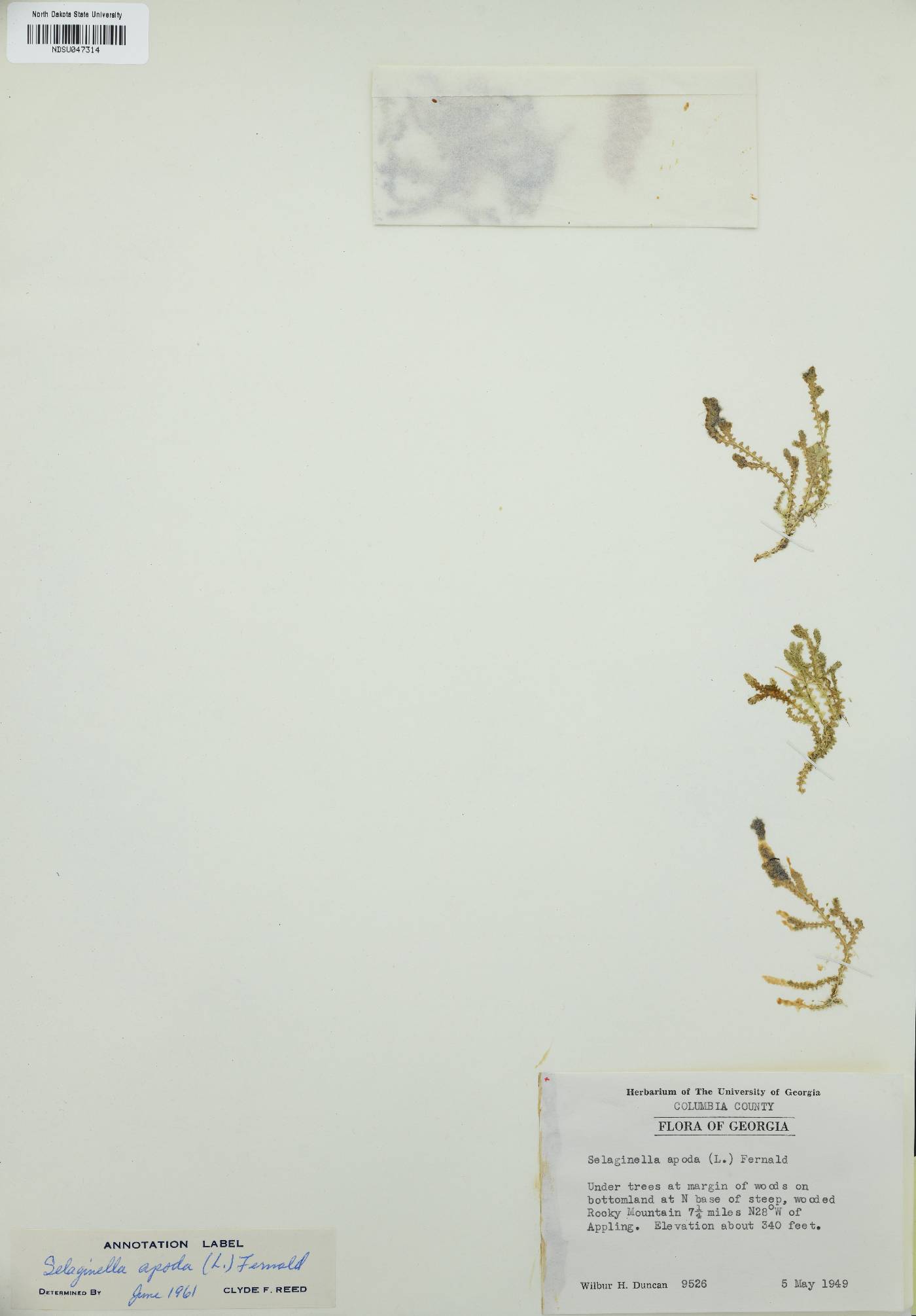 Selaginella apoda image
★ ★ ★ ★ ★
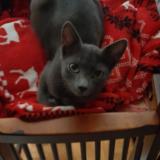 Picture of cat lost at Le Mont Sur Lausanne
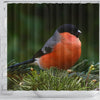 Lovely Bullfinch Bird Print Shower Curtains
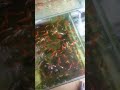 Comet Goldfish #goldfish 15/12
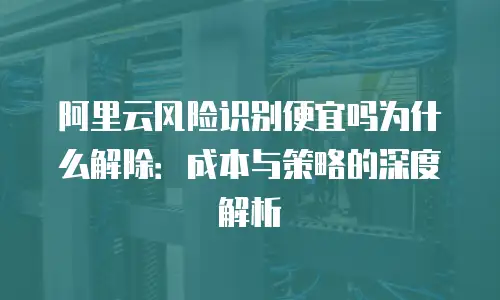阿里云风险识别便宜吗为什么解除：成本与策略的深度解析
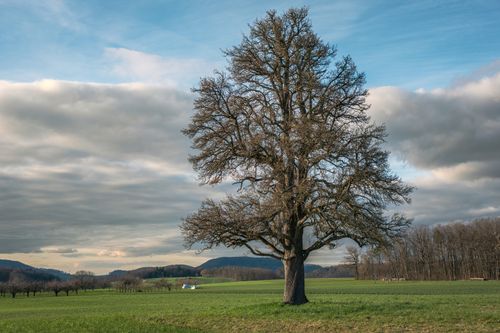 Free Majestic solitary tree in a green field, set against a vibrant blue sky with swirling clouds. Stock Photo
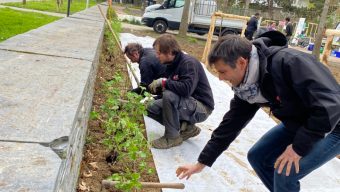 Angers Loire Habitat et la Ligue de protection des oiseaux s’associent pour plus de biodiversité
★ ★ ★ ★ ★
[WORK ORDER] From the material above, output only the span of lines that starts at the one containing "Lovely Bullfinch Bird Print Shower Curtains" and finishes at the one containing "Angers Loire Habitat", word for word and free of pictures.

[RESULT]
 Lovely Bullfinch Bird Print Shower Curtains
 Comet Goldfish #goldfish 15/12
阿里云风险识别便宜吗为什么解除：成本与策略的深度解析
 Free Majestic solitary tree in a green field, set against a vibrant blue sky with swirling clouds. Stock Photo
 Angers Loire Habitat et la Ligue de protection des oiseaux s’associent pour plus de biodiversité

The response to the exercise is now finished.